Besides, Williams’ research is almost entirely focused on clear air turbulence over the North Atlantic. Can it really offer insight into the Singapore Airlines incident? Pilots aren’t so sure.

Mark Hofmeyer, a Qantas pilot and vice president of the Australian and International Pilots Association (AIPA), told journalists he believes that thunderstorms—which cause “convective turbulence”—were the likely cause of the incident, rather than “clear air turbulence.” 

David Evans, a Qantas pilot who spent years flying over the Bay of Bengal, stated that turbulence is common in the area with the arrival of powerful monsoons at this time of year.

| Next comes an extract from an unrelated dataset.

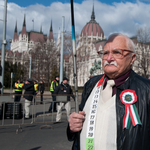 "Hagyó, talicskatoló" - tüntetők kiabáltak a zászlófelvonásnál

I emailed Williams, pointing out that multiple experts believe Monday’s incident was caused by convective turbulence rather than clear air turbulence. He replied with a link to a 2023 study that suggests convective turbulence is also projected to increase because of climate change. But this extreme scenario has been called into question by many other scientists.

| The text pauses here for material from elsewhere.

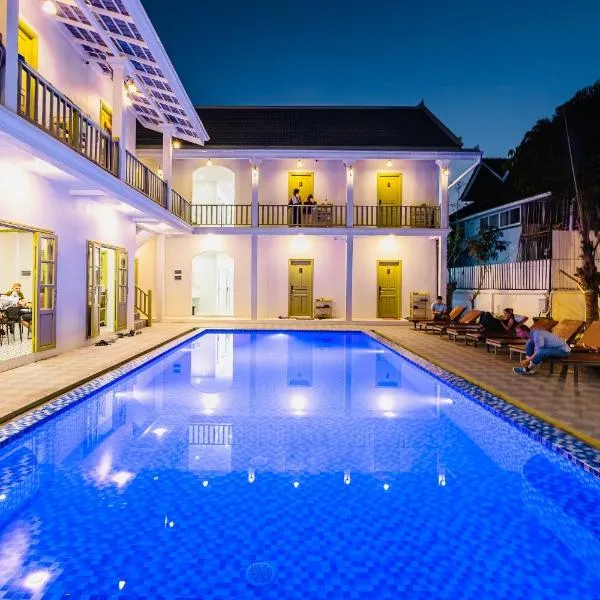 White Elephant Hostel, hotel em Luang Prabang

Simon Proud, a scientist with the European Space Agency, posted on X that it’s “disappointing” to see scientists implicitly link the Singapore Airlines incident with climate change. His observations, based on satellite imagery, chime with the two pilots’: there were large thunderstorms in the area at the time. (He could not comment because he is involved in an investigation into the incident.) 

Williams’ claim that rising CO2 levels will increase turbulence hasn’t been proven—it is based on mathematical projection. You can’t rule out the possibility that he’s right, says Ryan Maue, a private sector weather scientist who worked in the Trump administration. But we’re not there yet.

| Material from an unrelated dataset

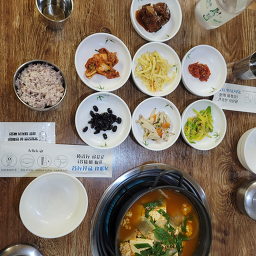 윤금 대표 사진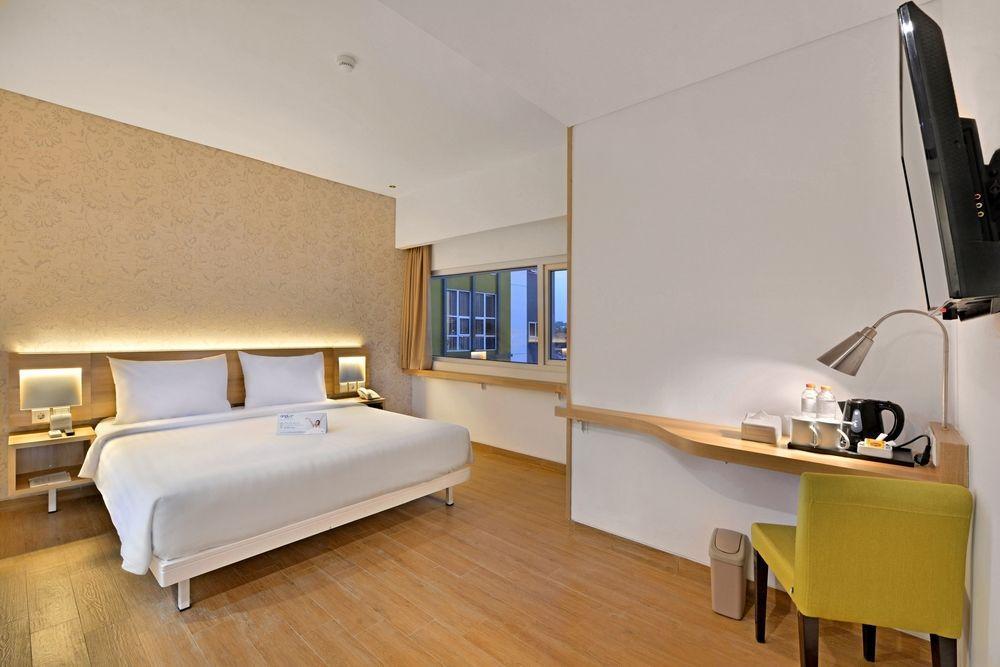 Whiz Prime Hotel Basuki Rahmat Маланг Экстерьер фото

When I spoke to him, Maue pointed out that the incidence of injuries on airplanes caused by air turbulence has actually come down over the years, despite the fact that air travel has increased exponentially over the last half-century. If climate change does make the skies bumpier, he added, any increased risk will likely be mitigated by improvements in technology—for instance, increasingly sophisticated weather prediction software (which he expects will get even better with AI).

“I recognize that climate change is real, of course. I can look at the data just like everybody else,” he told The Free Press. But he isn’t on board with the doom and gloom scenario that dominates the media. 

It’s disturbing that journalists jumped to conclusions about this incident. People are afraid of both climate change and flying—but instead of playing on those fears, the media should be giving us the facts.

CORRECTION: A previous version of this story inaccurately described Paul Williams’ letter to the Quarterly Journal of the Royal Meteorological Society as a “retraction.” The piece has been updated, to describe it as a “revised conclusion.” The previous version incorrectly stated that clear air turbulence (CAT) is caused by “wind speed”; it is caused by wind shear (changes in wind speed or direction over a given distance.) The piece has been updated accordingly. The Free Press regrets the error.